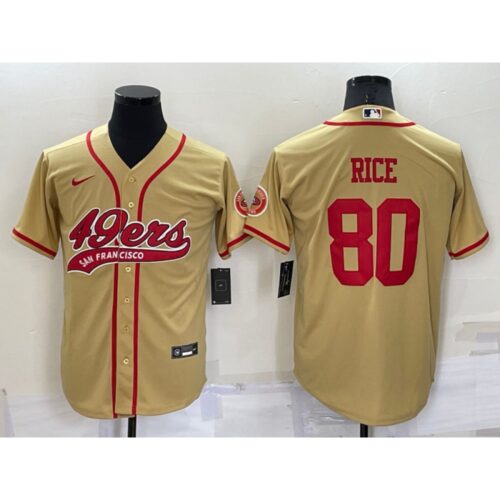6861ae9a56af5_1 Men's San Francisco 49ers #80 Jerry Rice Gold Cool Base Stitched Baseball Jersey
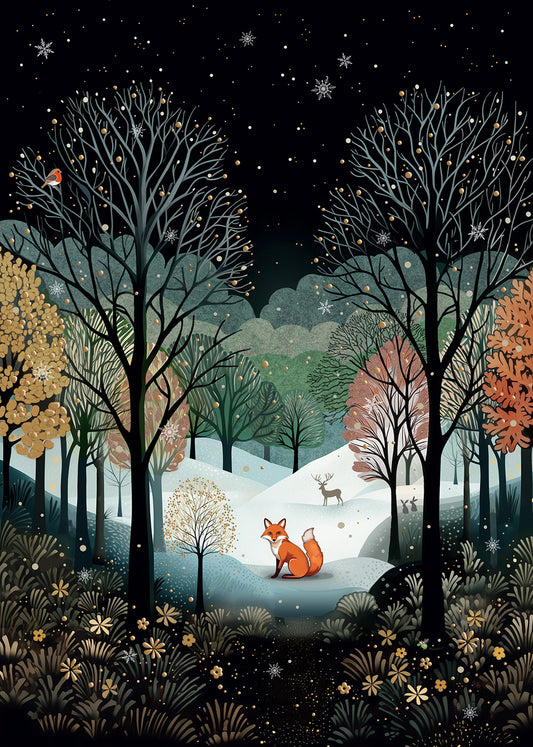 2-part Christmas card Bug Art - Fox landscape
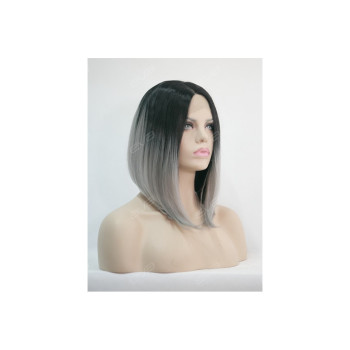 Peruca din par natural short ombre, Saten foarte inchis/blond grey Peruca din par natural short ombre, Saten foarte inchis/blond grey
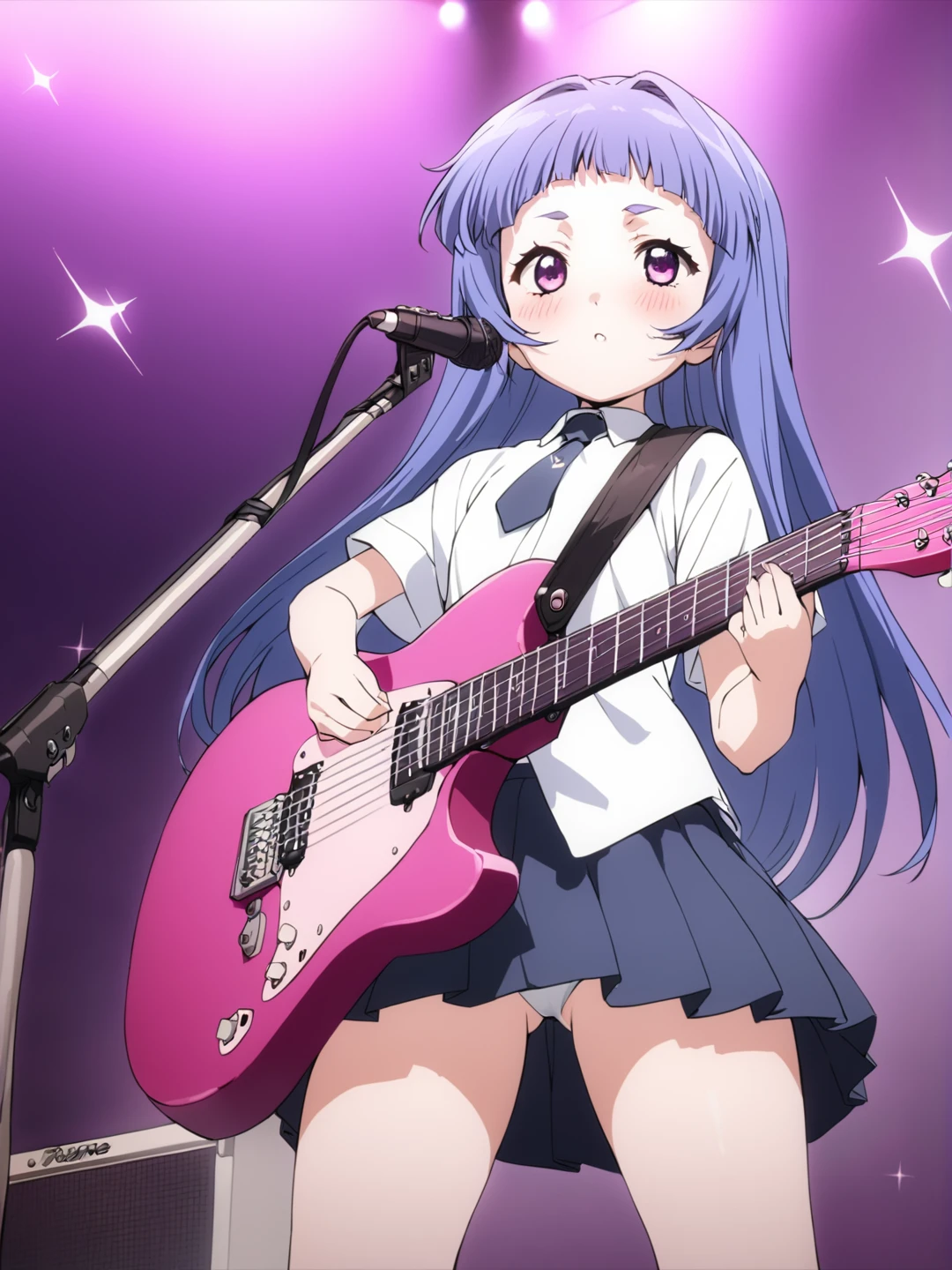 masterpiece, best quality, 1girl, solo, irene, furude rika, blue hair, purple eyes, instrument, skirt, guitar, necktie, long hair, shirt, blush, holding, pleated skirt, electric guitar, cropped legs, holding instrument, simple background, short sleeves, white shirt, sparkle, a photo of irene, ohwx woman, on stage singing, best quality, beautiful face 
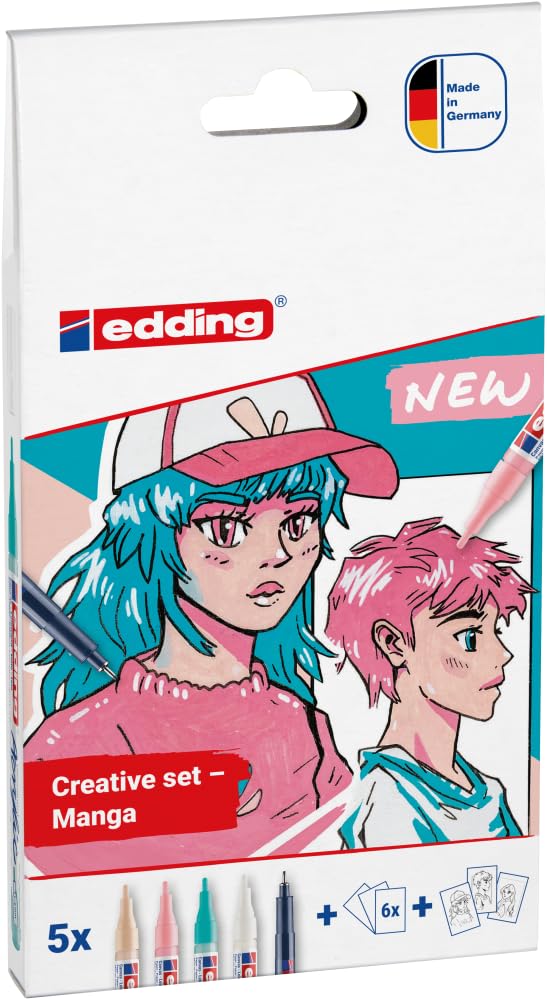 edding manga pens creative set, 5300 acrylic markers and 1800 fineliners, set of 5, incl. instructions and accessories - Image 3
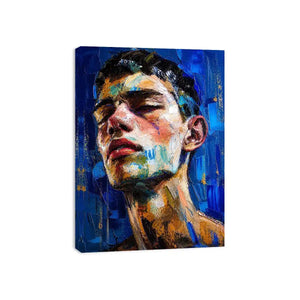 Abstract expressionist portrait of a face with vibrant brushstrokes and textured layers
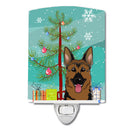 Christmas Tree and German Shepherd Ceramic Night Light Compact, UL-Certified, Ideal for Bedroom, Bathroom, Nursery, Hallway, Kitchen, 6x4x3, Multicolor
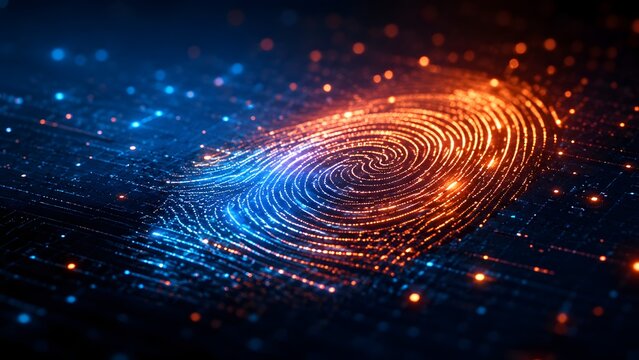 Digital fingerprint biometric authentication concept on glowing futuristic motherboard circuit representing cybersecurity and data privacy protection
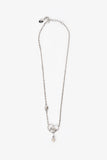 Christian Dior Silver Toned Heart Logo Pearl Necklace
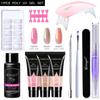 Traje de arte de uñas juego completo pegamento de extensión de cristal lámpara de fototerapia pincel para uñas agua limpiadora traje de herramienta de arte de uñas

### Activity
Drop the images, then copy the data exactly.

### Response to the task
6861ae9a56af5_1 Men's San Francisco 49ers #80 Jerry Rice Gold Cool Base Stitched Baseball Jersey
 2-part Christmas card Bug Art - Fox landscape
 Peruca din par natural short ombre, Saten foarte inchis/blond grey Peruca din par natural short ombre, Saten foarte inchis/blond grey
 masterpiece, best quality, 1girl, solo, irene, furude rika, blue hair, purple eyes, instrument, skirt, guitar, necktie, long hair, shirt, blush, holding, pleated skirt, electric guitar, cropped legs, holding instrument, simple background, short sleeves, white shirt, sparkle, a photo of irene, ohwx woman, on stage singing, best quality, beautiful face 
 edding manga pens creative set, 5300 acrylic markers and 1800 fineliners, set of 5, incl. instructions and accessories - Image 3
 Abstract expressionist portrait of a face with vibrant brushstrokes and textured layers
 Christmas Tree and German Shepherd Ceramic Night Light Compact, UL-Certified, Ideal for Bedroom, Bathroom, Nursery, Hallway, Kitchen, 6x4x3, Multicolor
 Digital fingerprint biometric authentication concept on glowing futuristic motherboard circuit representing cybersecurity and data privacy protection
 Christian Dior Silver Toned Heart Logo Pearl Necklace
 Traje de arte de uñas juego completo pegamento de extensión de cristal lámpara de fototerapia pincel para uñas agua limpiadora traje de herramienta de arte de uñas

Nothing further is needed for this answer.